The two most beautifully dressed women to walk the Red Carpet Thursday were decked out in custom-made gowns designed by Adrian - one from *The Women* and one from *The Philadelphia Story*. The Countess and Cheryl were style incarnate.


"Up went my hand just like a third grader!" - Vice-President of Studio Production Sean Cameron in response to Peter O'Toole's dinner party inquiry if anyone was going to join him in a glass of wine.


On a dark and stormy night in Hollywood, the throngs are eagerly anticipating a timely screening of *The Wolf Man* in 35mm. Film Festival Special Guest Rick Baker, the master of make-up, may be more excited than anyone as he has never seen the film on the Big Screen.


"TCM is not just a television channel. It is a lifestyle." - TCM President Jeff Gregor


Another "TCM Night At The Movies" is coming in October with a look at political films. And a documentary is in the works profiling Darryl F. Zanuck.
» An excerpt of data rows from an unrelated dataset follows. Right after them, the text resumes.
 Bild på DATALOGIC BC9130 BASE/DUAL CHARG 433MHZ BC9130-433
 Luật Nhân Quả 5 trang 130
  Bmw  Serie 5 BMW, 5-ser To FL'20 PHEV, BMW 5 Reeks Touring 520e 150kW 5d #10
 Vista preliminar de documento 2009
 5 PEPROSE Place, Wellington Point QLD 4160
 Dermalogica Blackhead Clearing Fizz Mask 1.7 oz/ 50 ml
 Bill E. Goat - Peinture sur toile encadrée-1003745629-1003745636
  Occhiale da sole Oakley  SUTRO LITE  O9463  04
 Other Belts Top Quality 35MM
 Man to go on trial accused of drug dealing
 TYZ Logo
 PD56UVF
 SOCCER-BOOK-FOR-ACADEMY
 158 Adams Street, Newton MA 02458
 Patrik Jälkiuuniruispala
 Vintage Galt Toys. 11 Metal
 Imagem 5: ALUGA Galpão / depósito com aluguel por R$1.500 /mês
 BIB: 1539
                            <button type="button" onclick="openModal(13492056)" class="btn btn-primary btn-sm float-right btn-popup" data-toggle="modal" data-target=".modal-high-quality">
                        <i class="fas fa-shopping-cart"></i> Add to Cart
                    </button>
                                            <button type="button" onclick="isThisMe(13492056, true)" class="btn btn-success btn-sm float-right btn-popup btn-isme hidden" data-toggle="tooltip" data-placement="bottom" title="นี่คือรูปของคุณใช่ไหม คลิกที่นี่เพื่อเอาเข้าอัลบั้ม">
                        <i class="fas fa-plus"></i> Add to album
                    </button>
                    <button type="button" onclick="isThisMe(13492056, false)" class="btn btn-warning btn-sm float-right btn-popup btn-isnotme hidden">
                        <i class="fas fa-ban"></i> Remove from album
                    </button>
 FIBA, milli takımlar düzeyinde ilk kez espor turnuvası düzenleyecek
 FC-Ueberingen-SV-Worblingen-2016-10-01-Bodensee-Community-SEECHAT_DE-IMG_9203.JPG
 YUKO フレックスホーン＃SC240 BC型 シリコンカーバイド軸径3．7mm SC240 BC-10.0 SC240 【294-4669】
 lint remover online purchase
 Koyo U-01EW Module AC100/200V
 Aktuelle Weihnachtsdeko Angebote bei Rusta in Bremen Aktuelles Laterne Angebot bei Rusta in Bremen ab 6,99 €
Demographically, 66% percent of TCM's audience is between the ages of 18 and 49. TCM doesn't have to alter its programming on the channel to attract them. It turns out they are already viewers. And the dominant ones, at that.


"Find Me A Dress!" - lucky Festival-goer who got invited to the *Cabaret* Gala at the last minute. And the stylish women of the Festival came through fabulously! You looked great Cathy.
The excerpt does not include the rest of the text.